Vermont’s effort to enact single payer, which started in 2011 and ended in 2014, is often cited by opponents as proof such state-level efforts can’t succeed. However, the program passed by the legislature that provided guaranteed healthcare to all residents enjoyed widespread popularity, yet faltered once when the governor, Democrat Peter Shumlin, lost a political majority in the state legislature in 2014 and did not have access to the full support of the federal resources of the Affordable Care Act which had not yet gone into effect. Despite the setbacks, Shumlin and other Medicare for All advocates are undeterred in their continued quest to make healthcare a right, not a privilege.
A model for the country
Significant unions at the state level support single payer — SEIU in Oregon, California Nurses Association, National Union of Healthcare Workers, SEIU 1199 and the New York State Nurses Association. That’s on top of the many grassroots organizations and coalitions fighting for universal coverage. Local level support and organizing opportunities reflect the political value of state-based advocacy. For states to implement single payer, they don’t need federal legislation, only an administrative waiver, which Biden’s Secretary of Health and Human Services Xavier Becerra, a longtime Medicare for All backer, could easily approve.

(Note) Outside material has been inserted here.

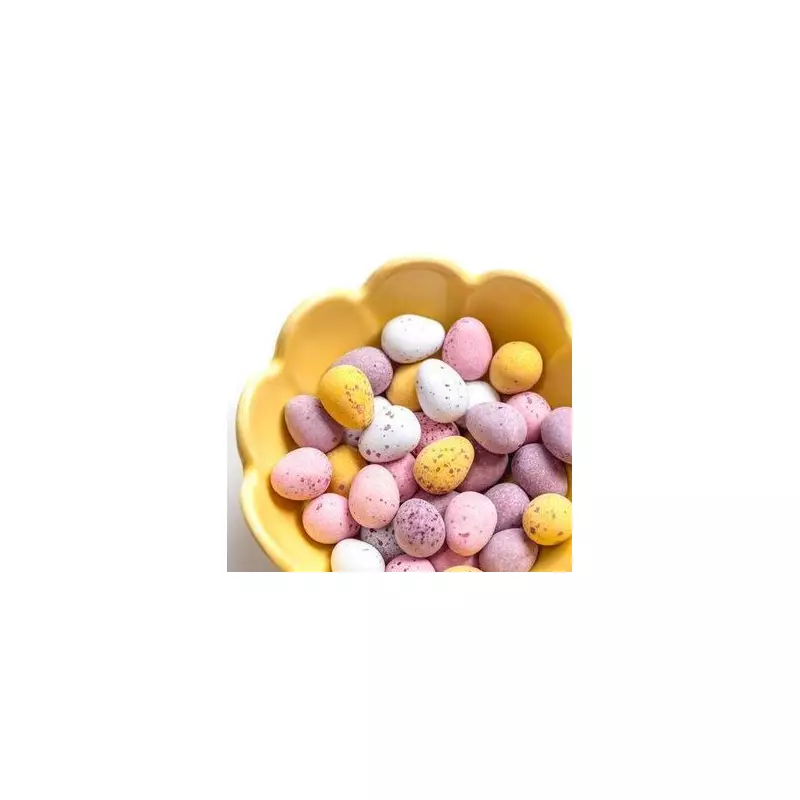 Food Influencer's Microwave Hack Transforms Mini Eggs Into 'Exquisite' Snack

Winning single payer in key states like New York and California could help demonstrate that the system works and compel Democrats in Congress to act. This is a political strategy reflecting the reality that Medicare for All advocates face federally. State organizing helps build the base that will be required to ultimately win guaranteed healthcare for all. And, perhaps surprisingly, we now have strong opportunities to do just that.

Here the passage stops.